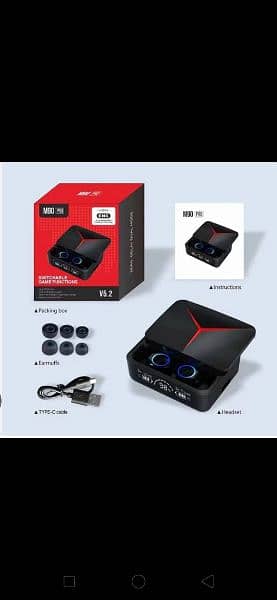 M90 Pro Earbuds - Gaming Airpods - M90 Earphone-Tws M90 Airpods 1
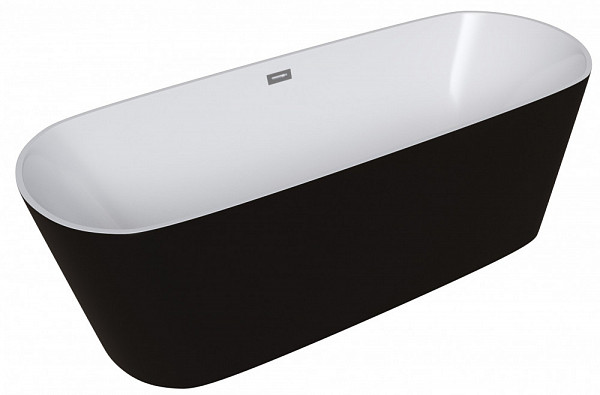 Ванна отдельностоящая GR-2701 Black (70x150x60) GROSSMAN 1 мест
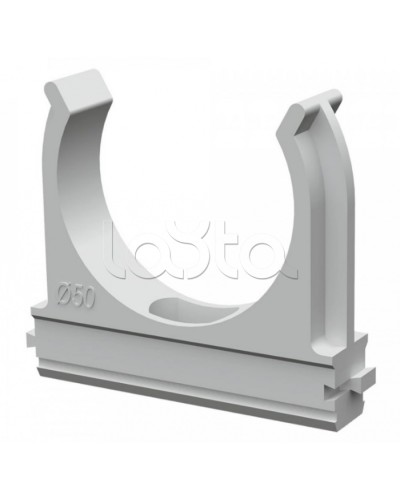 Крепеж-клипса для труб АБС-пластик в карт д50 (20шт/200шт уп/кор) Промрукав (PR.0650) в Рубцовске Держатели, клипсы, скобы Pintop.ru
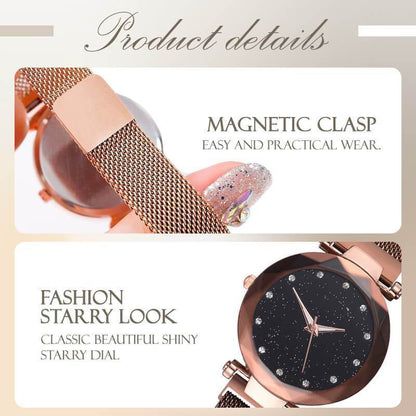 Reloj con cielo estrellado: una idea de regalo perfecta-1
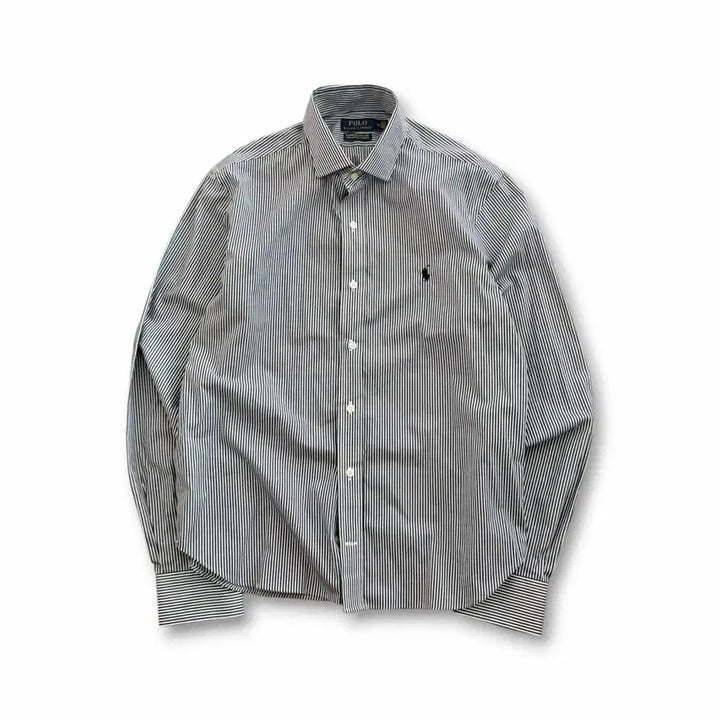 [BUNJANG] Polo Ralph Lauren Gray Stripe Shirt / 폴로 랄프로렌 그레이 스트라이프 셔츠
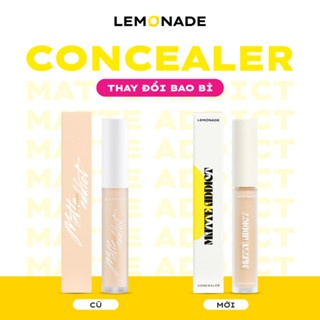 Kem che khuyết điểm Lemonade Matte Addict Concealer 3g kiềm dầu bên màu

**What you need to do**
In the records above, find the line that contains "Reloj con cielo". Retype it and every line after it, exactly, leaving out all pictures.

**Answer for the task**
 Reloj con cielo estrellado: una idea de regalo perfecta-1
 [BUNJANG] Polo Ralph Lauren Gray Stripe Shirt / 폴로 랄프로렌 그레이 스트라이프 셔츠
 Kem che khuyết điểm Lemonade Matte Addict Concealer 3g kiềm dầu bên màu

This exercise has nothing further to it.